What is being asked — Please set down only the lines below starting with the line with "VT license plate ZMN675" and going on through the line with "Emaille bord krombacher, Ophalen", verbatim and without pictures.

Data —
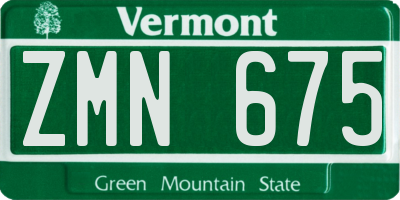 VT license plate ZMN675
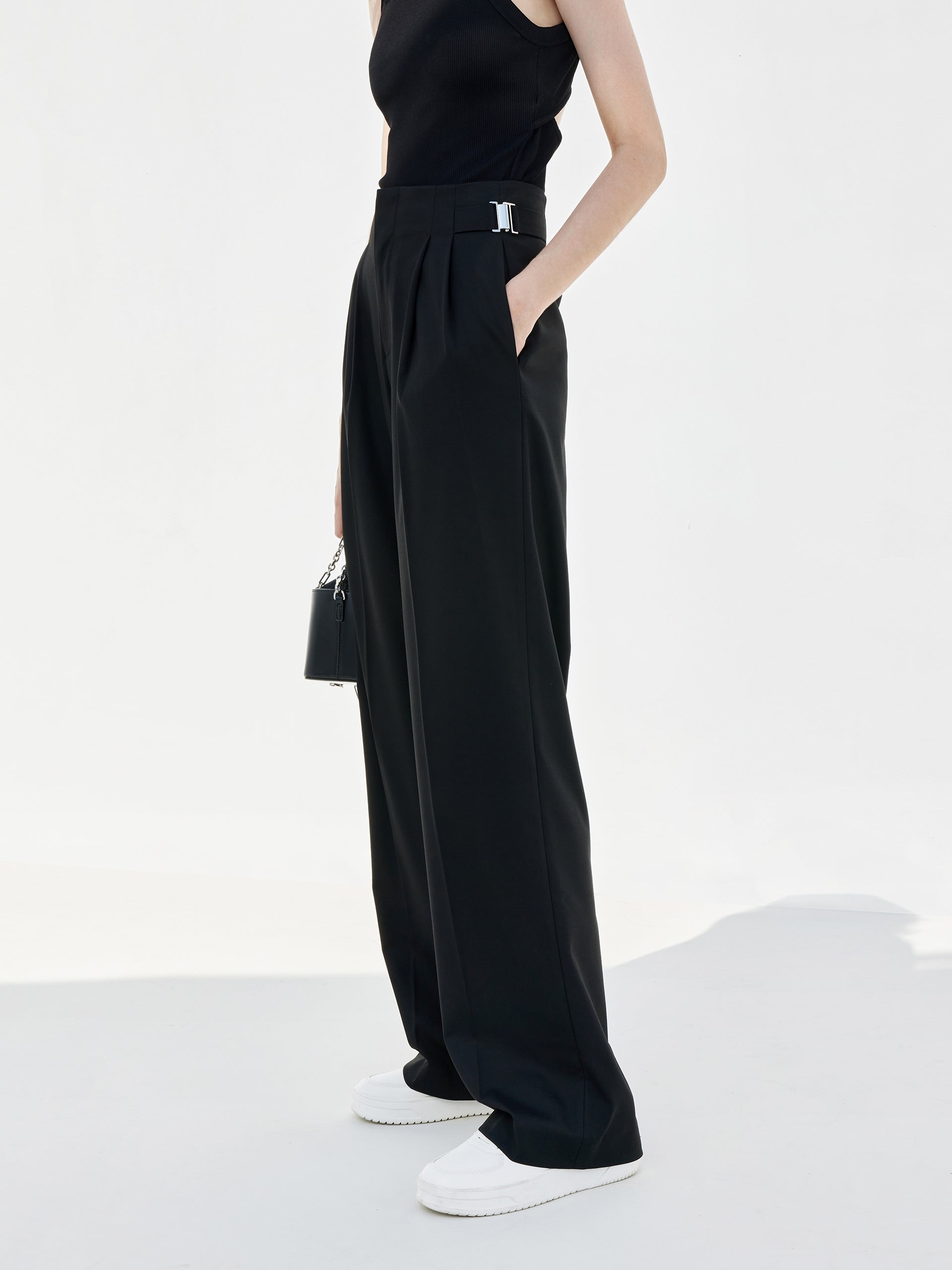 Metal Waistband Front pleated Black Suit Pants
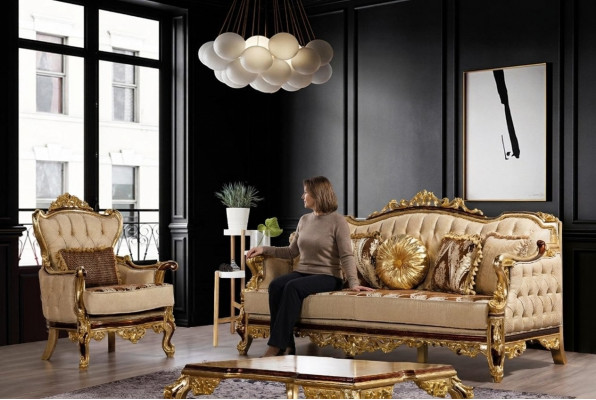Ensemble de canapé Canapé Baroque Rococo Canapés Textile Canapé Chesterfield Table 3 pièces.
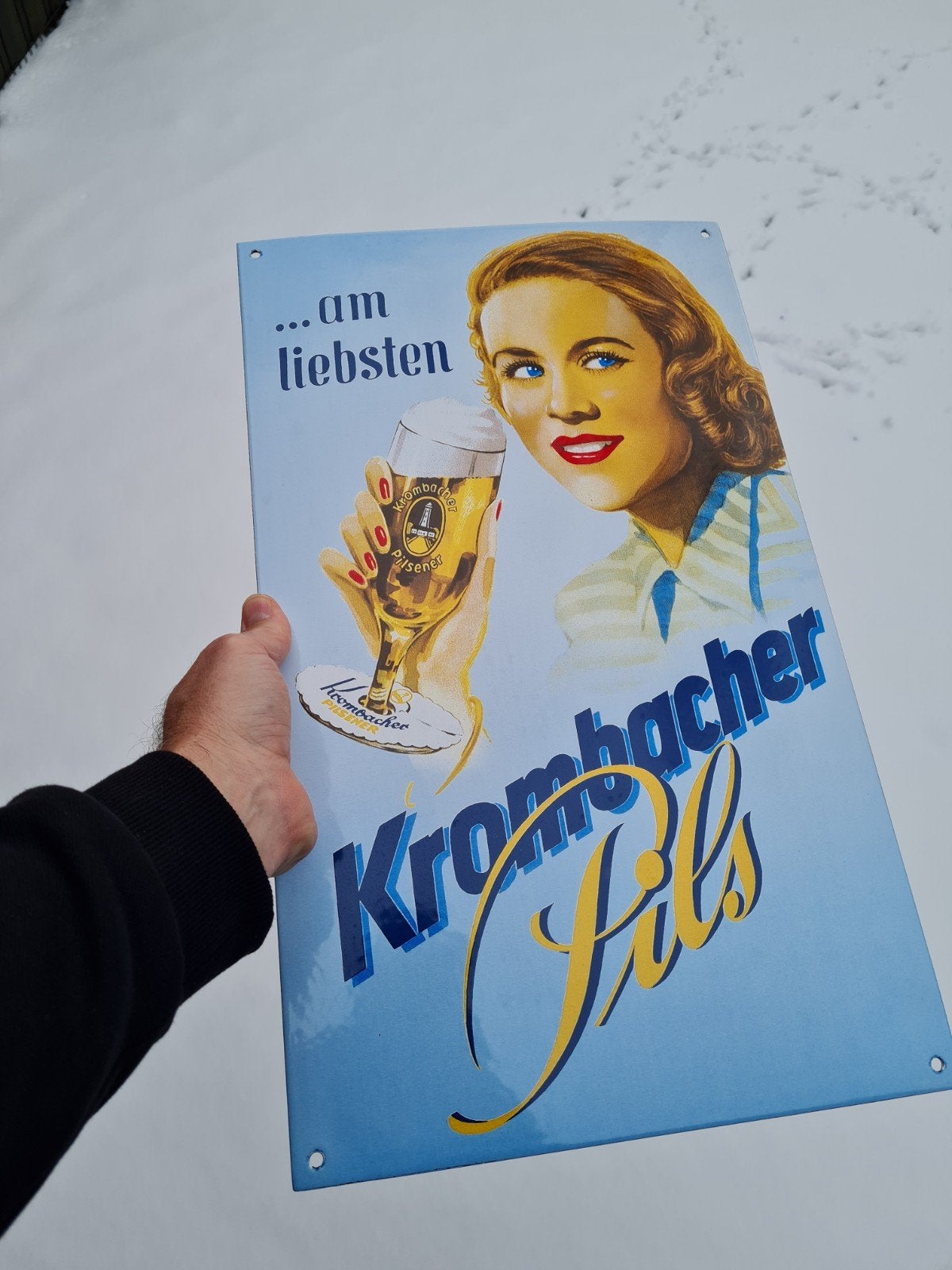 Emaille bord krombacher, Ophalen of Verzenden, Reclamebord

---

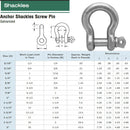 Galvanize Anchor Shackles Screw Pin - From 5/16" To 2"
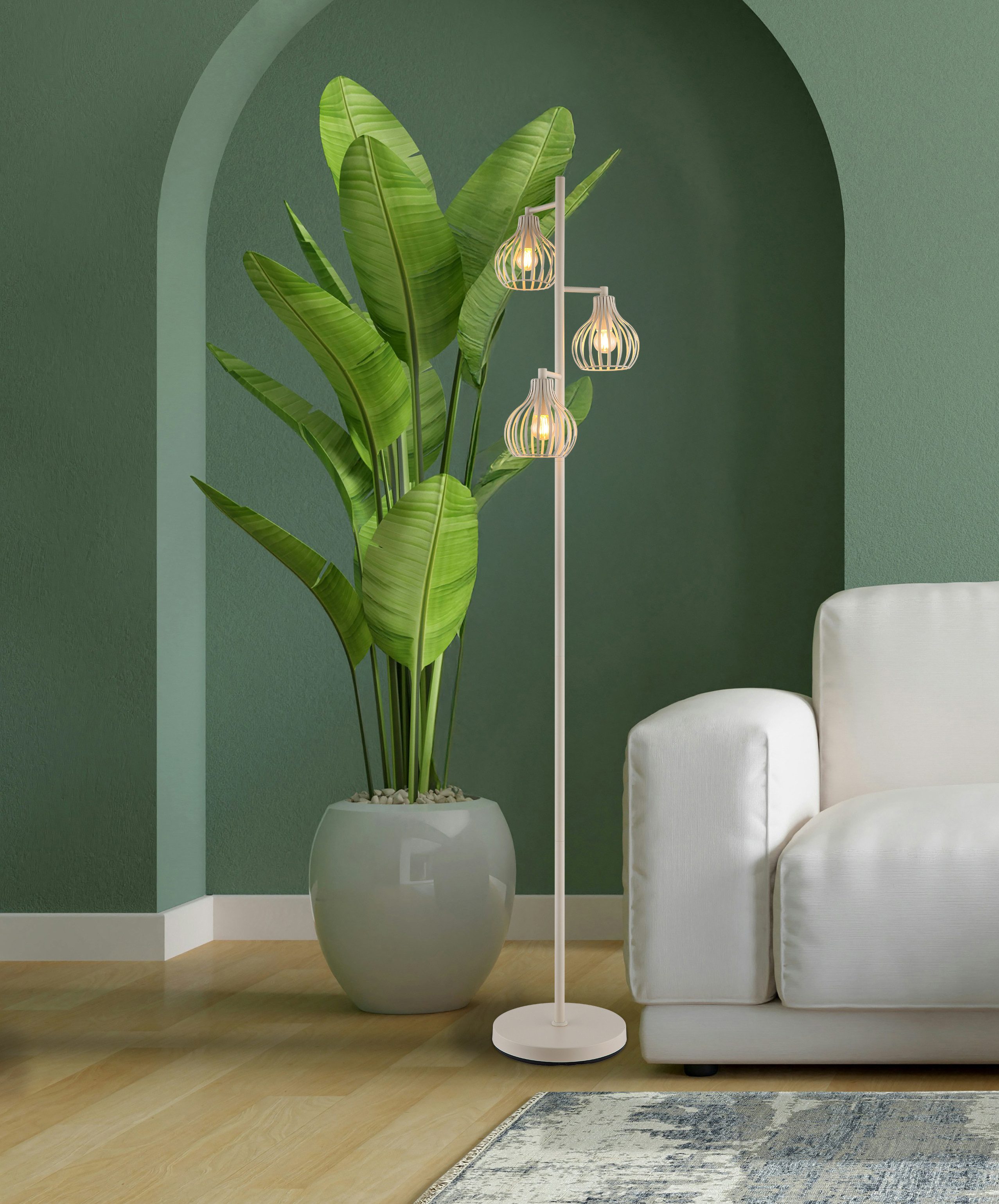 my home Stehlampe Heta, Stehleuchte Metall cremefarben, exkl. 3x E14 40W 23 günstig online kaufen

--

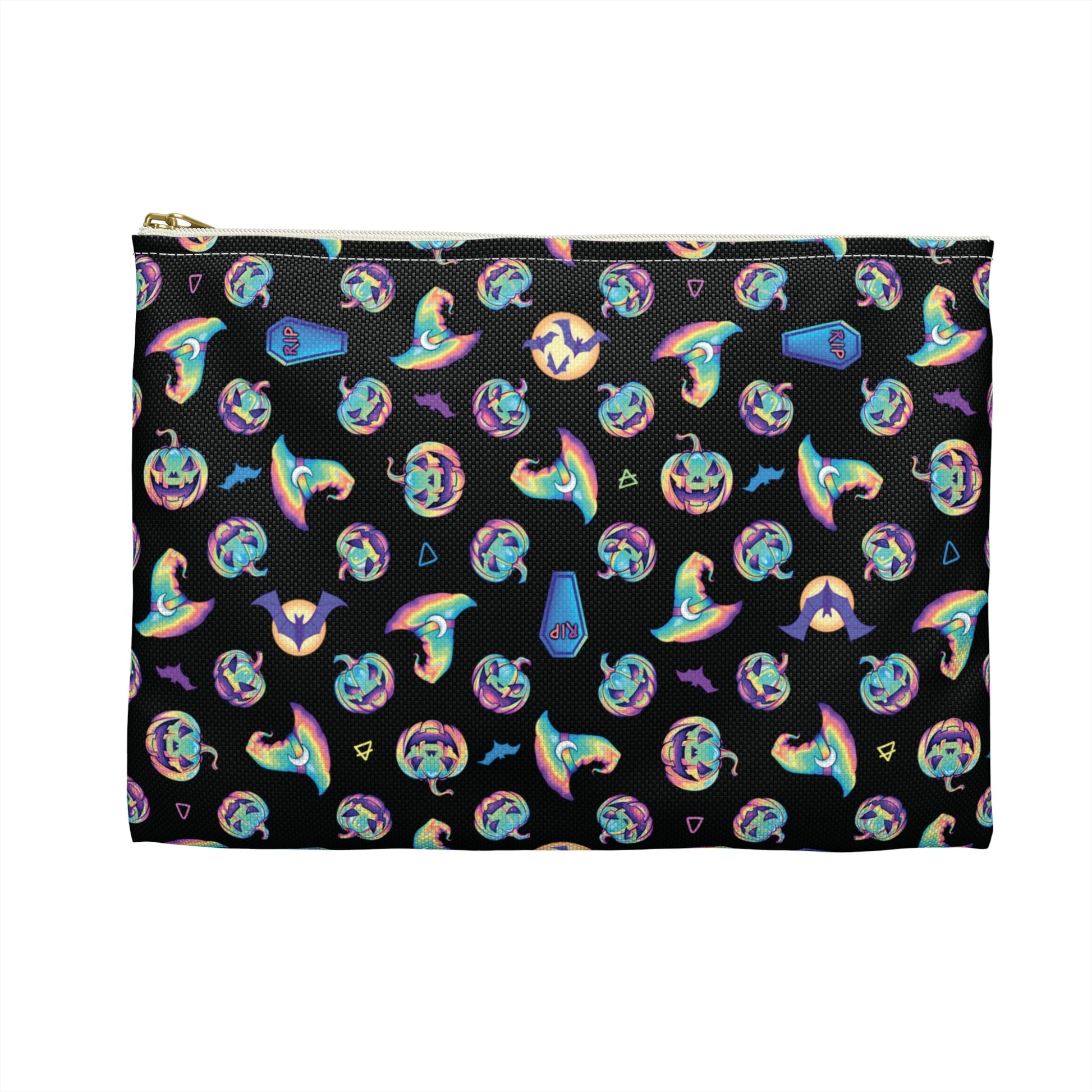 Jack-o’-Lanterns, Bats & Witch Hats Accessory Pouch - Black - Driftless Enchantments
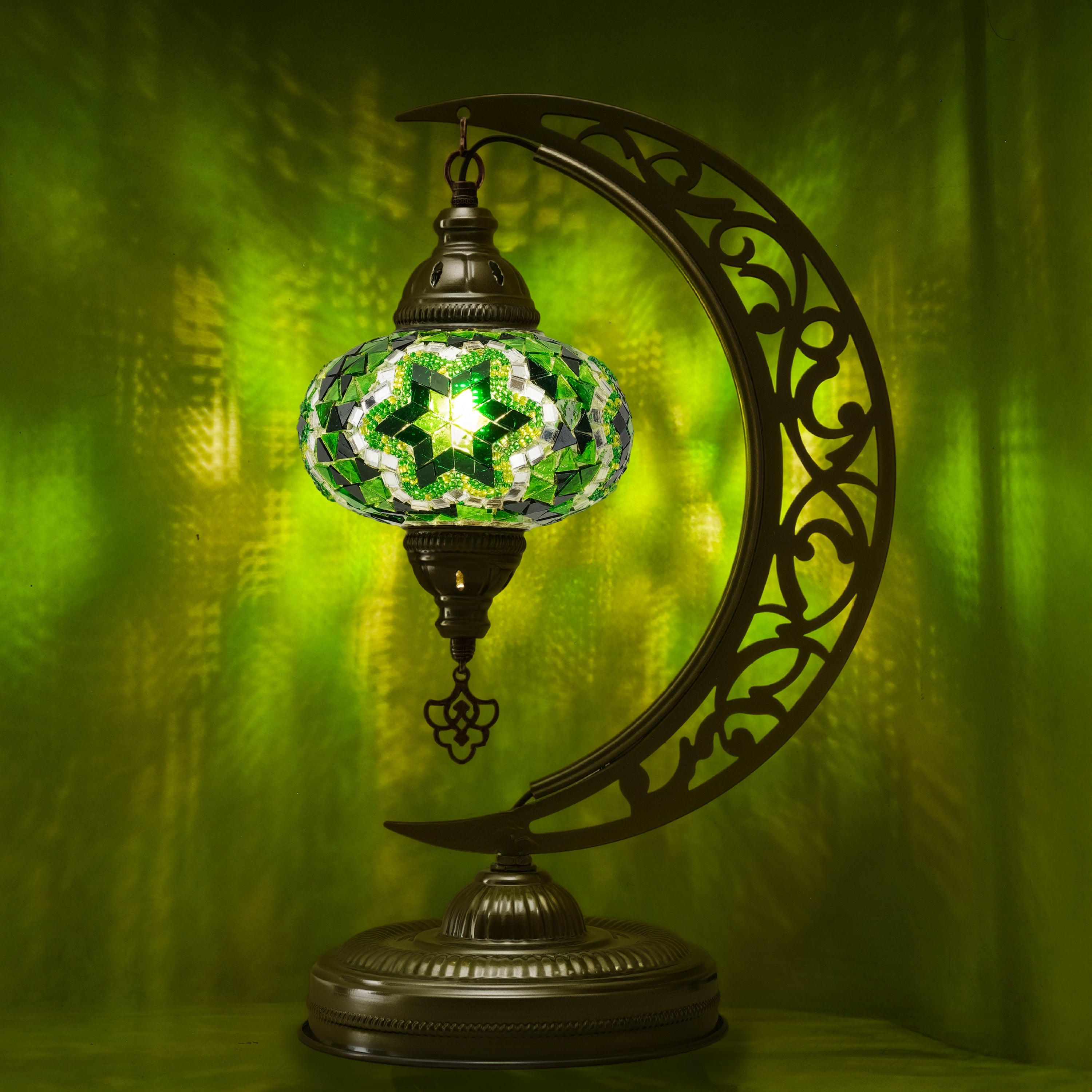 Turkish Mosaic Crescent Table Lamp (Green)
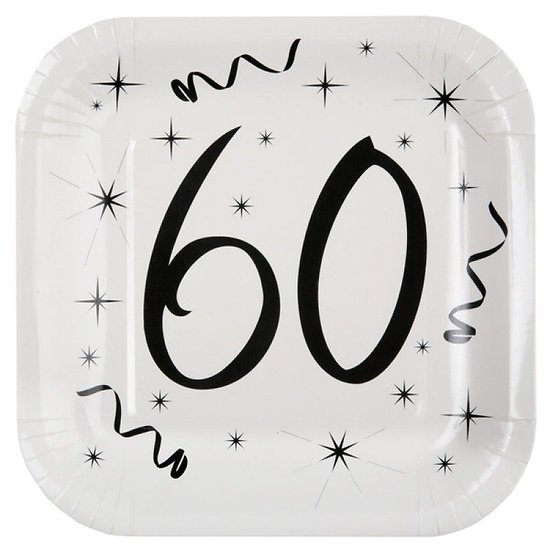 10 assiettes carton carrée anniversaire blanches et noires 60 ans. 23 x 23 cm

Exercise result —
 VT license plate ZMN675
 Metal Waistband Front pleated Black Suit Pants
Ensemble de canapé Canapé Baroque Rococo Canapés Textile Canapé Chesterfield Table 3 pièces.
 Emaille bord krombacher, Ophalen of Verzenden, Reclamebord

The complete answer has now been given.